Quand on confronte l’état d’avancement des recherches œnologiques (recherche fondamentale) et la pratique œnologique, on constate en général un retard de celle-ci, aussi bien dans la période qui précède la vinification que pendant et après celle-ci.

La dégustation permet bien un jugement avec les réserves qu’exige la subjectivité. Mais comment apprécier les caractères sanitaires et même nutritionnels d’importance fondamentale pour l’avenir de la consommation du vin ?

Ce n’est que par des études de nature physiologique et des travaux sur les animaux et les hommes qu’on pourra mesurer ce double impératif de la qualité d’un vin.

Les données analytiques ne suffisent plus. On sait, par exemple, que le vin a une activité vitaminique C supérieure à la dose d’acide ascorbique dosé. C’est qu’il s’agit ici d’effets synergiques favorables, avec d’autres constituants, certains polyphénols en particulier. Mais il peut y avoir des effets synergiques qui se contrarient.

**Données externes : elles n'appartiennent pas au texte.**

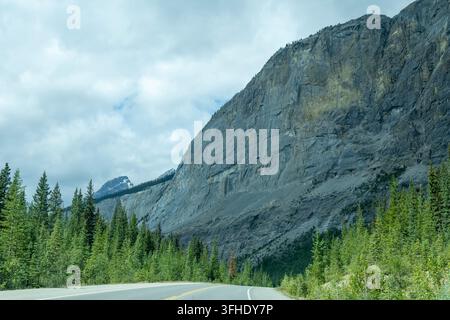 A paved highway curves through a lush green forest with tall pine trees leading to a massive, rugged mountain face under a dramatic sky, Improvement d Stock Photo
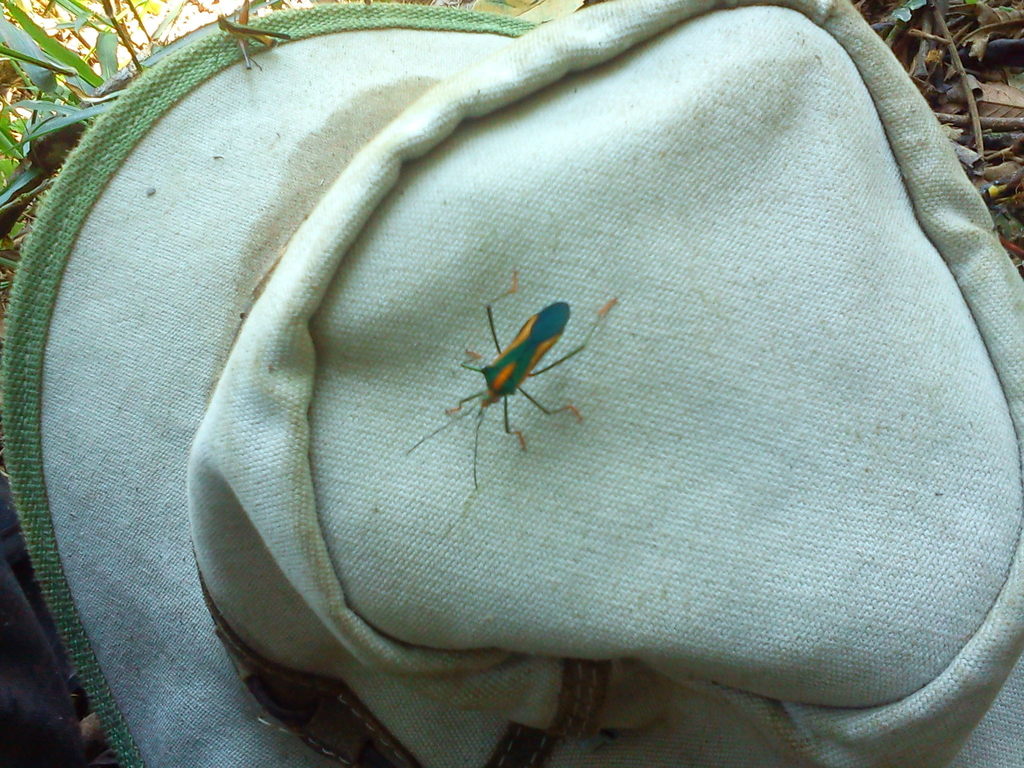 Malvanaioides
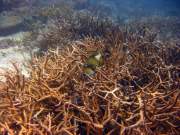 staghorn reef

Les essais physiologiques permettent de mesurer ces effets synthétiques.


La maturation du raisin

On distingue la maturité physiologique, stade où le pépin de raisin est susceptible de germer, de la maturité proprement dite, atteinte au moment de la cueillette du raisin : cette dernière est appelée par certains maturité industrielle, mais il est plus logique de l’appeler maturité technologique, car les raisins d’un même cépage peuvent être cueillis à maturité différente en fonction du sort qu’on leur réserve. L’exemple typique est celui du Macabeu, cépage roussillonnais, à partir duquel on peut élaborer soit des jus de raisin, soit du vin blanc, soit des vins spéciaux, tel que le V. D. N.

La maturation est un phénomène très complexe, car elle dépend du milieu (climat, nature du sol, exposition, façons culturales, fumures) et de la plante (porte-greffes, cépages, taille, état sanitaire).

Elle est marquée, à partir de la nouaison, par le grossissement du grain. À la véraison, le grain se colore ou s’éclaircit s’il s’agit du raisin blanc. C’est le commencement de la phase finale, qui va de la véraison à la maturité recherchée. La composition du grain varie considérablement, l’acidité diminue, la richesse en saccharose augmente, les polyphénols et les arômes s’accroissent, le volume du grain continue à grossir. On atteint ainsi un indice de maturité généralement caractéristique du cépage, et variant légèrement d’une année à l’autre.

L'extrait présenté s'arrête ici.